Dataset items
━━━━━━━━━━━━━━━━━━━━
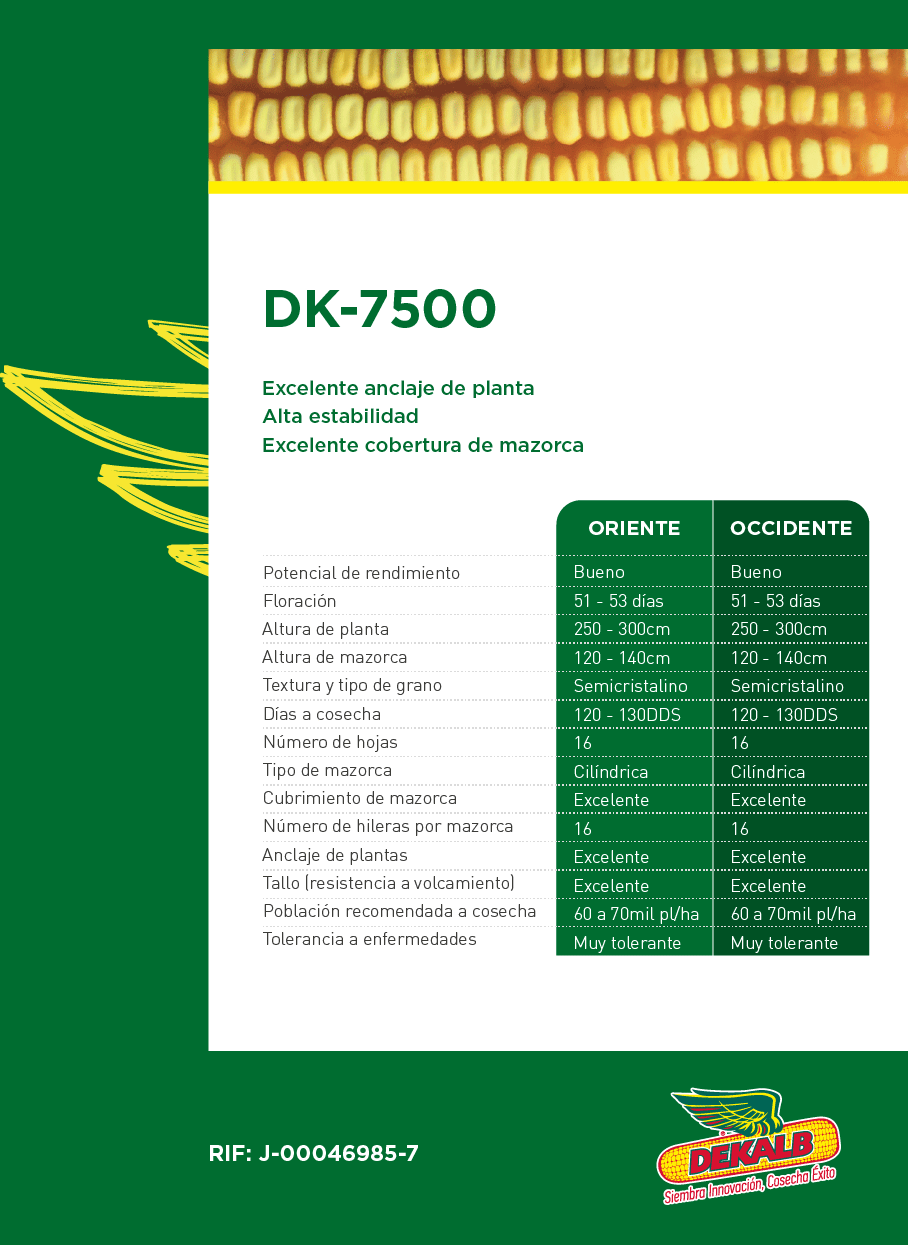 DEKALB - Buenas prácticas agrícolas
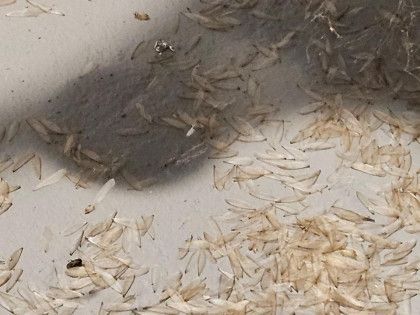 A close up of a pile of rice on a table.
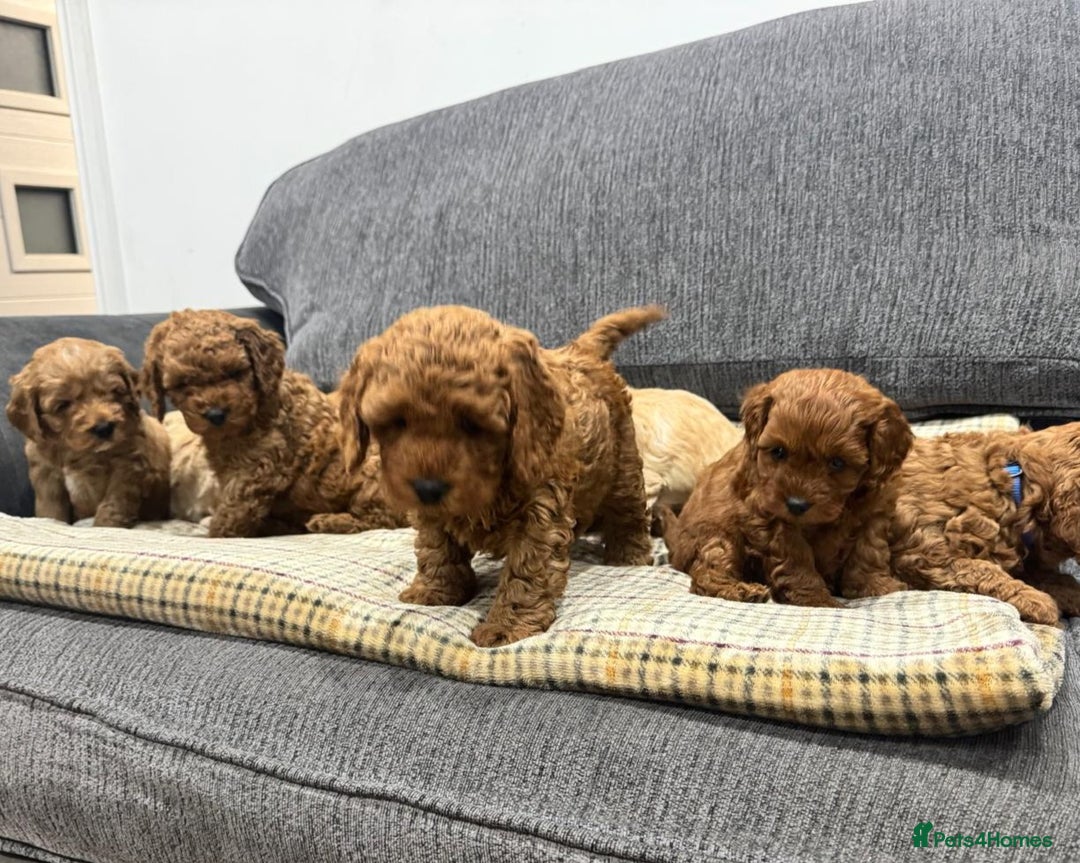 Cockapoo dogs for sale: BEAUTIFUL F1B COCKAPOO PUPS - Image 6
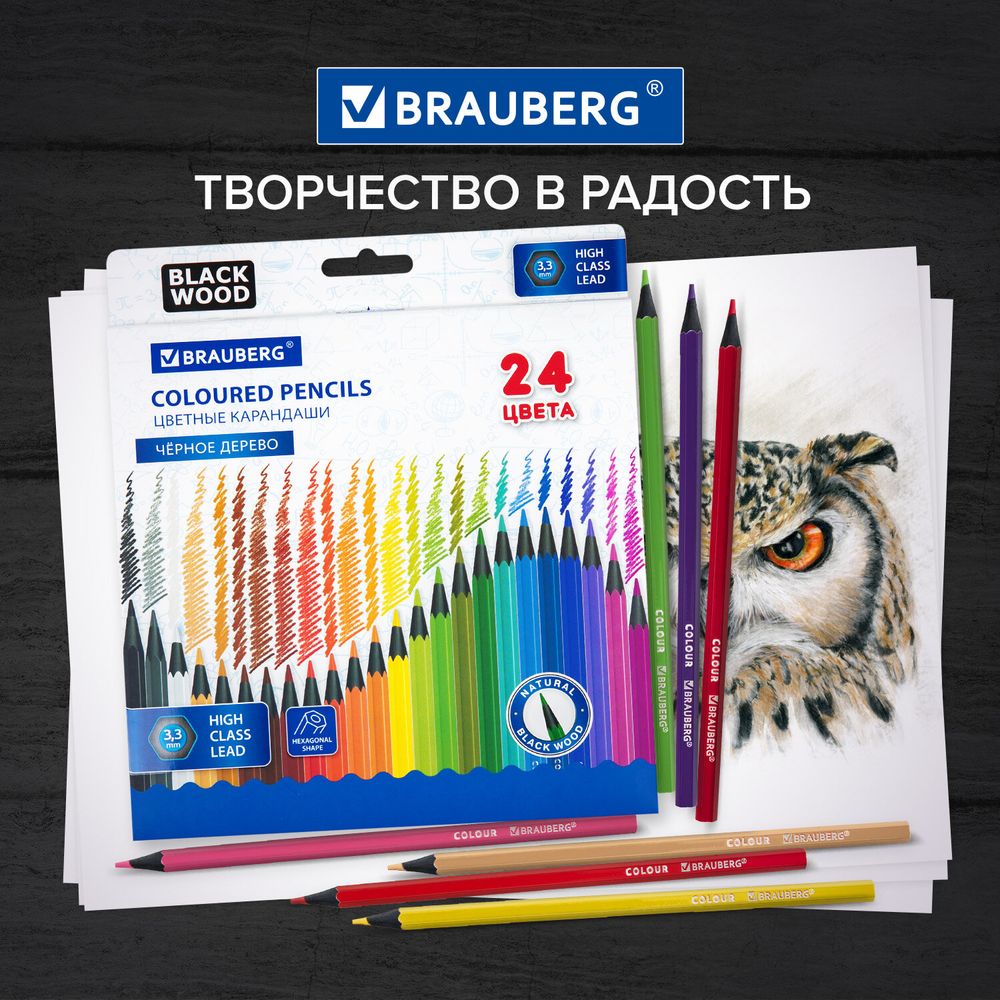 Карандаши цветные BRAUBERG, 24 цвета, шестигранные, грифель 3,3 мм, черное дерево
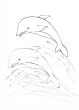 aquatic world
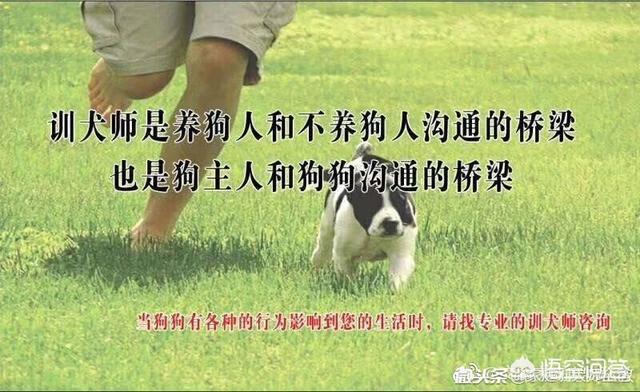 台湾驯犬师:训犬师前景怎么样？工资多少？ 台湾顶级训犬师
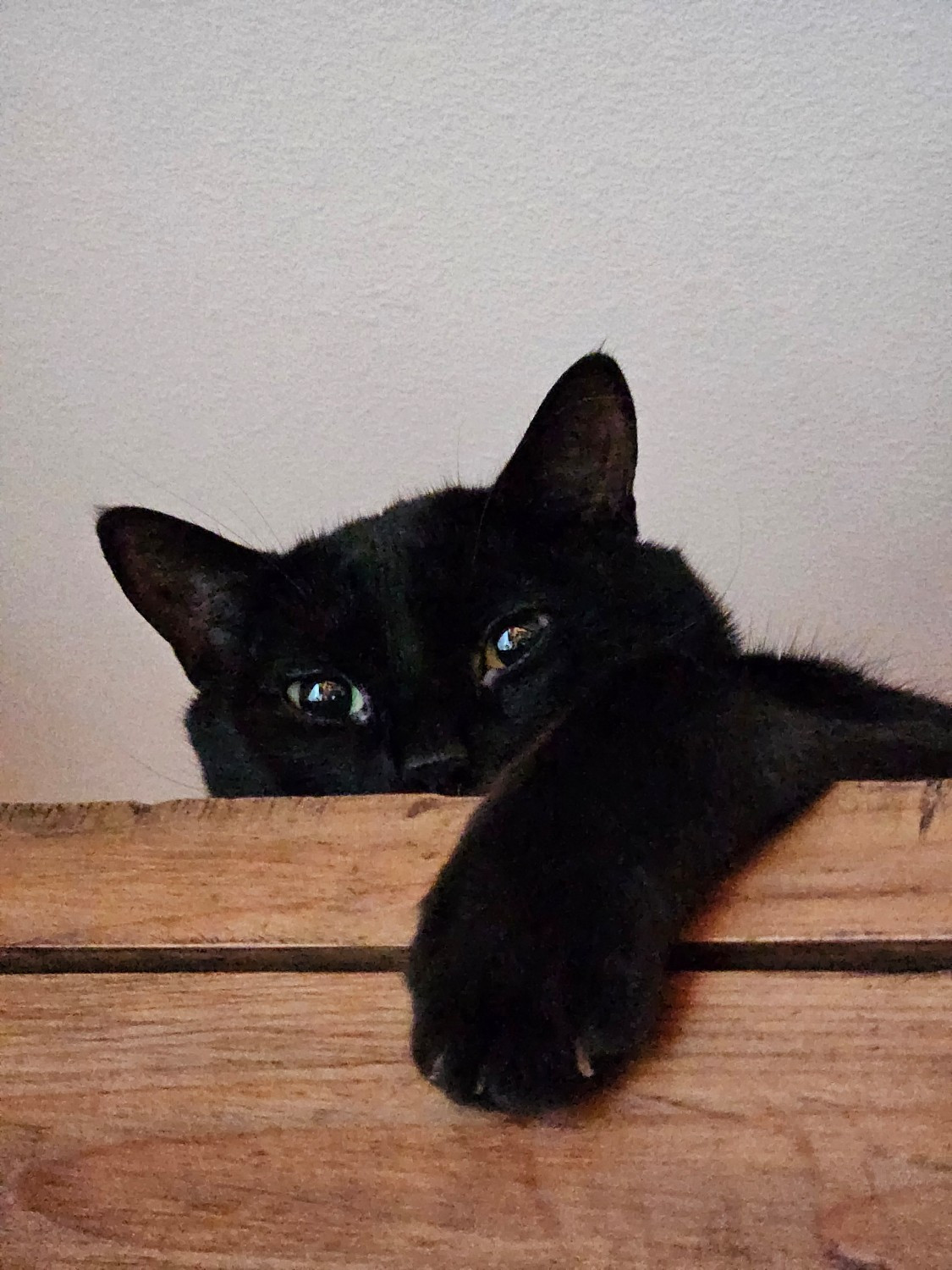 Picture of a black cat looking down at the camera while reaching over the edge of the platform it is sitting on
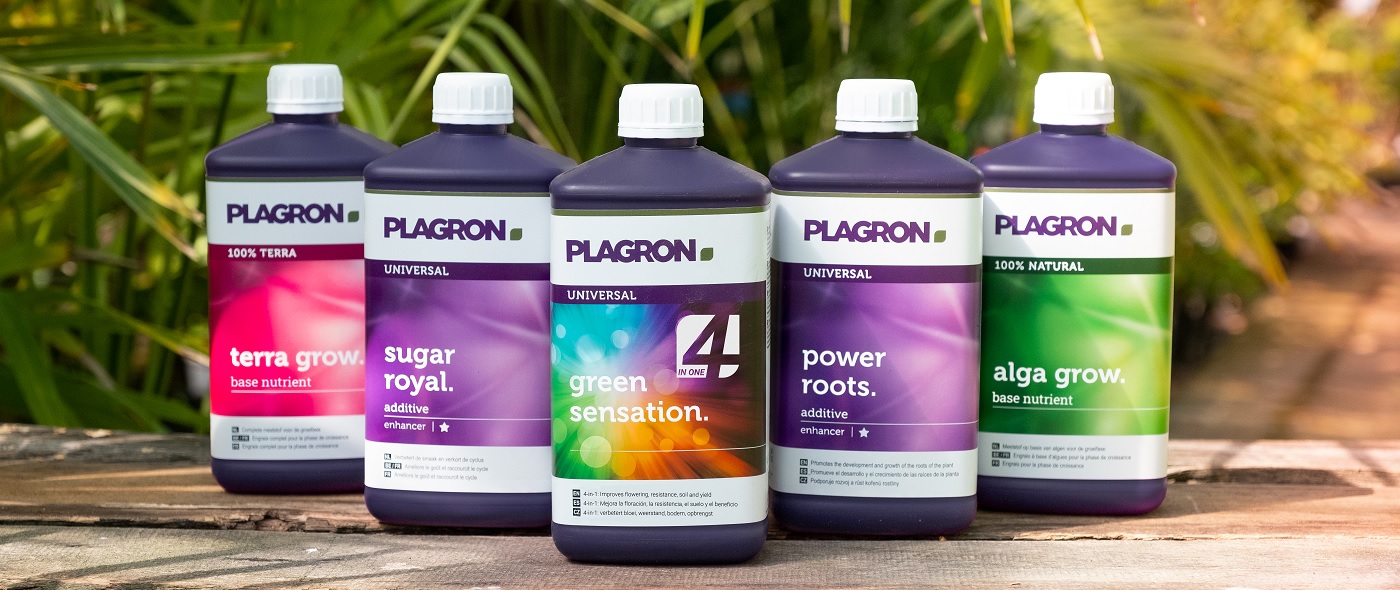 Plagron banner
━━━━━━━━━━━━━━━━━━━━
Aim of the exercise: All entries must be output exactly as they stand, and every picture must be left out.

Completed exercise:
 DEKALB - Buenas prácticas agrícolas
 A close up of a pile of rice on a table.
 Cockapoo dogs for sale: BEAUTIFUL F1B COCKAPOO PUPS - Image 6
 Карандаши цветные BRAUBERG, 24 цвета, шестигранные, грифель 3,3 мм, черное дерево
 aquatic world
 台湾驯犬师:训犬师前景怎么样？工资多少？ 台湾顶级训犬师
 Picture of a black cat looking down at the camera while reaching over the edge of the platform it is sitting on
 Plagron banner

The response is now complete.